Ph.D Thesis

Ph.D StudentYehezkel Aviv
SubjectGeneralizations of the Cardinality Estimation Problem and
Applications to Computer Networks
DepartmentDepartment of Computer Science
Supervisor PROF. Reuven Cohen
Full Thesis textFull thesis text - English Version


Classical processing algorithms for database management systems usually require several passes over (static) data sets in order to produce an accurate answer to a user query. However, for a wide range of application domains, the data set is very large and is updated on a continuous basis, making this approach impractical. Such big data streams appear in a wide variety of computer science applications. They are common, for example, in computer networks, where detailed usage statistics (such as the source IP addresses of packets) from different parts of the network need to be continuously collected and analyzed for various security and management tasks.

For this reason, there is a growing interest in developing ``streaming algorithms'' for efficient processing and querying of continuous data streams. These algorithms seek to provide accurate results while minimizing both the required storage and the processing time per stream element, at the price of a small inaccuracy in their output. Streaming algorithms use small fixed-size storage to store a summary (``sketch'') of the input data, and use probabilistic algorithms to accurately estimate the desired quantity.

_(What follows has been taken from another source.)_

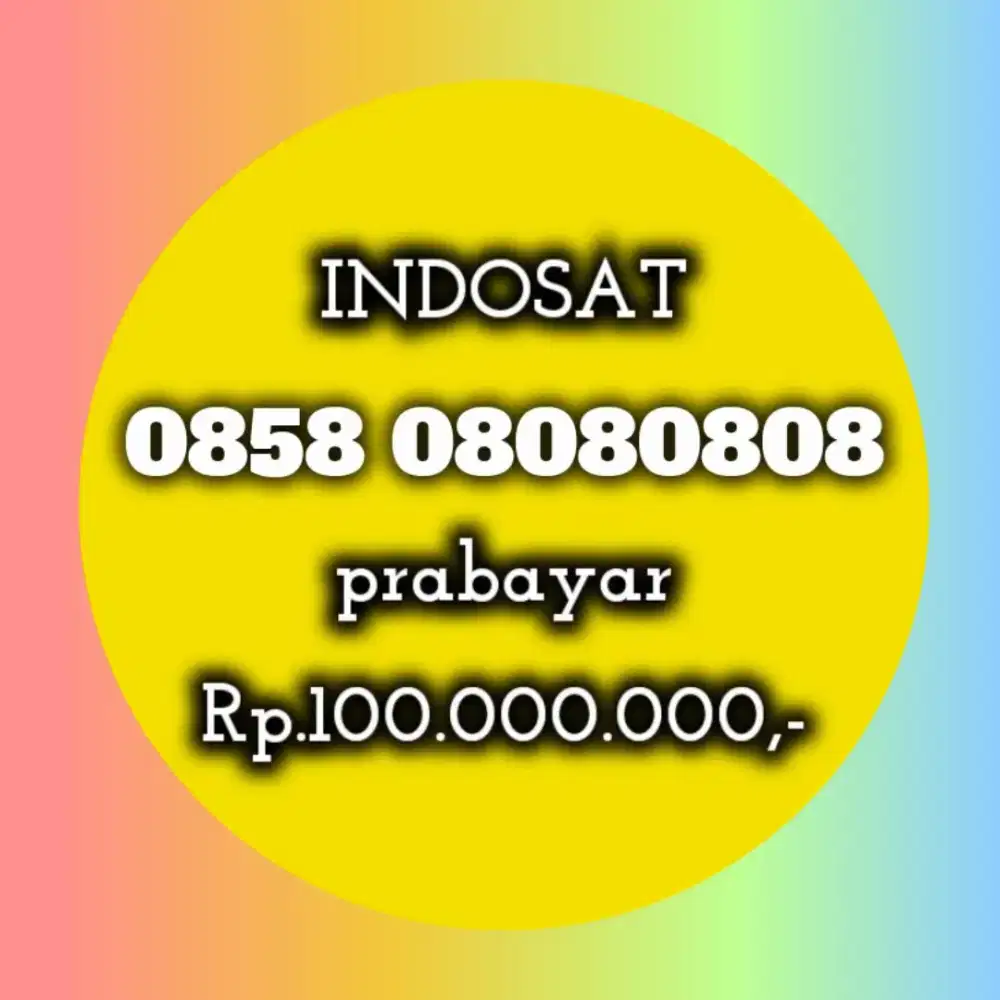 NOMOR CANTIK INDOSAT 08080808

A fundamental streaming problem is the ``cardinality estimation problem'': given a very long stream of elements x1, x2, ?, with repetitions, the goal is to find the number n of distinct elements. This is a well-known problem in numerous big data applications for network monitoring, security, query optimization, query execution progress, etc. The cardinality estimation problem can be generalized to set expressions over multiple streams, which yields many new important big data applications in large database systems, network monitoring and network security.

It is easy to use linear O(n) space to produce an accurate solution to the cardinality problem. This can be done, for example, by comparing the value of a newly encountered element, xi, to every (stored) value encountered so far. If the value of xi has not been seen before, it is stored and counted. However, for a wide range of application domains, the data set is very large, making linear space algorithms impractical. Thus, streaming algorithms are required.

This thesis focuses on several generalizations of the cardinality estimation problem. It proposes new streaming algorithms, analyzes their efficiency and statistical performance, and shows how they can be used for solving timely management and monitoring problems in computer networks.